Give back each entry word for word, but drop the images.

>>>>>

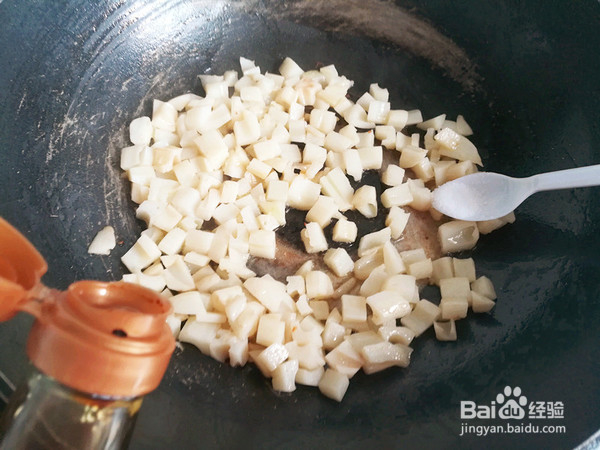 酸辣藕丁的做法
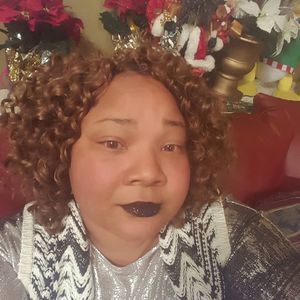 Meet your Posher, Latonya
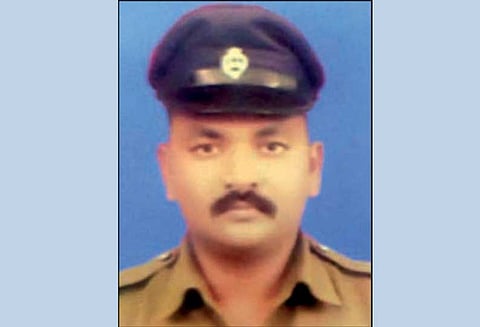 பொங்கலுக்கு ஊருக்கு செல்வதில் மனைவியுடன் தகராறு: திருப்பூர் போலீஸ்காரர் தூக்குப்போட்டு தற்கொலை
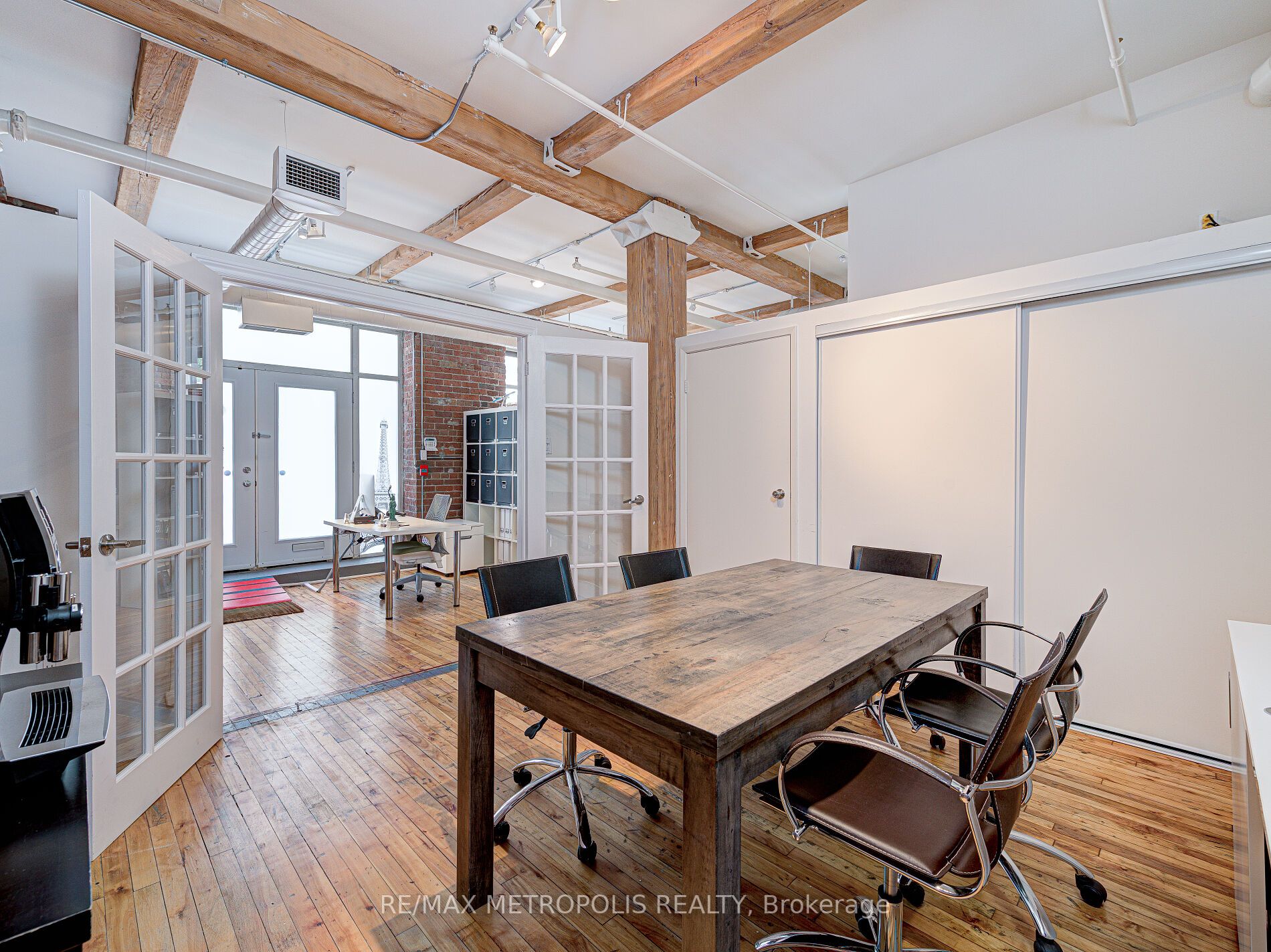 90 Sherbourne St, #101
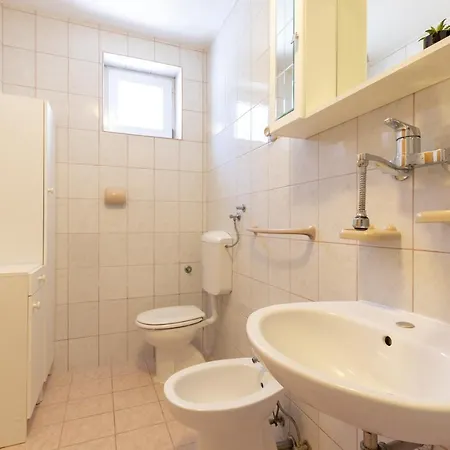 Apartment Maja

<<<<<

▸ The completed task
 酸辣藕丁的做法
 Meet your Posher, Latonya
 பொங்கலுக்கு ஊருக்கு செல்வதில் மனைவியுடன் தகராறு: திருப்பூர் போலீஸ்காரர் தூக்குப்போட்டு தற்கொலை
 90 Sherbourne St, #101
 Apartment Maja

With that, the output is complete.